Julian German, the network’s rural spokesperson and leader of Cornwall Council, said England’s coastal and rural areas “will be there when this is over”.

“We are asking households to bear with us and please do their bit over the coming weeks by exercising locally,” he said.

“While councils will be allowing cars access to country parks, it does not change the unique situation of the need to maintain social distancing.”

He added that the councils wanted to prevent a repeat of the “unprecedented numbers of visitors” to parks and coastal areas over the weekend before lockdown was introduced in March.

The chief executive of the Lake District National Park has also asked people not to travel to the area “because of the impact you will have on the local communities”.

Richard Leafe told BBC Radio 4’s Today programme that for those who “insist on coming this weekend”, there will be a system for assessing how full car parks are.
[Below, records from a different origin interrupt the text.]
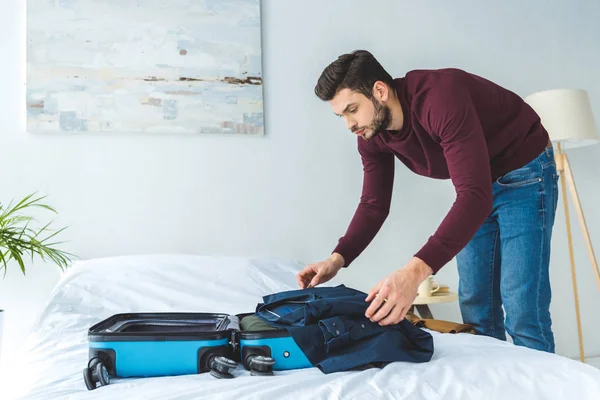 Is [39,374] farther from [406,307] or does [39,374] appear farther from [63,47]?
[63,47]

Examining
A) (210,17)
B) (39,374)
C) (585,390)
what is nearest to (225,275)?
(39,374)

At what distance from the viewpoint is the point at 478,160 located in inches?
51.4

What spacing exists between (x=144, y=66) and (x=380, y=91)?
145 centimetres

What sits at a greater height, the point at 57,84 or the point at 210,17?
the point at 210,17

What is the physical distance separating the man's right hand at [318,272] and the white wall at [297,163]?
1.12 meters

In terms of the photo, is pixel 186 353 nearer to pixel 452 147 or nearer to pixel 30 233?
pixel 452 147

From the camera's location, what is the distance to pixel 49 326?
165cm

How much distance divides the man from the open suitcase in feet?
1.35

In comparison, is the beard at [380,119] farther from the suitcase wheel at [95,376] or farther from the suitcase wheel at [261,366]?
the suitcase wheel at [95,376]

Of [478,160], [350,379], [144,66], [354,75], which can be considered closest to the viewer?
[350,379]

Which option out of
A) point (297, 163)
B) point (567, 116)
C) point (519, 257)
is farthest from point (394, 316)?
point (567, 116)

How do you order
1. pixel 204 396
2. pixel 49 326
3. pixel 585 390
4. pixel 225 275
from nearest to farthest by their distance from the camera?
pixel 204 396 < pixel 585 390 < pixel 49 326 < pixel 225 275

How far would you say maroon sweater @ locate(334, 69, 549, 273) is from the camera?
127 cm

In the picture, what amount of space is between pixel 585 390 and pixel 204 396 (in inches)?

Meanwhile, the Metropolitan Police Service stressed that “games of football… outdoor concerts or parties, protest, marches or assemblies are still not permitted”.

Officers “will engage and encourage people to comply” with public health regulations, the force added.

The warnings come as government scientific advisers say the infection rate in the UK has gone up – and is close to the point where the virus starts spreading rapidly.

The R-number – which represents the average number of people each infected person passes the virus on to – had been sitting between 0.5 and 0.9, but is now between 0.7 and 1.0.

It needs to be kept below one in order to stay in control.

Meanwhile, modelling published by the University of Cambridge and backed by Public Health England, suggests that while London has made the most progress with suppressing the virus, it is proving more stubborn in other parts of England.

The figures do not perfectly match those from the SAGE group of government scientific advisers because it assesses multiple models to reach its conclusions.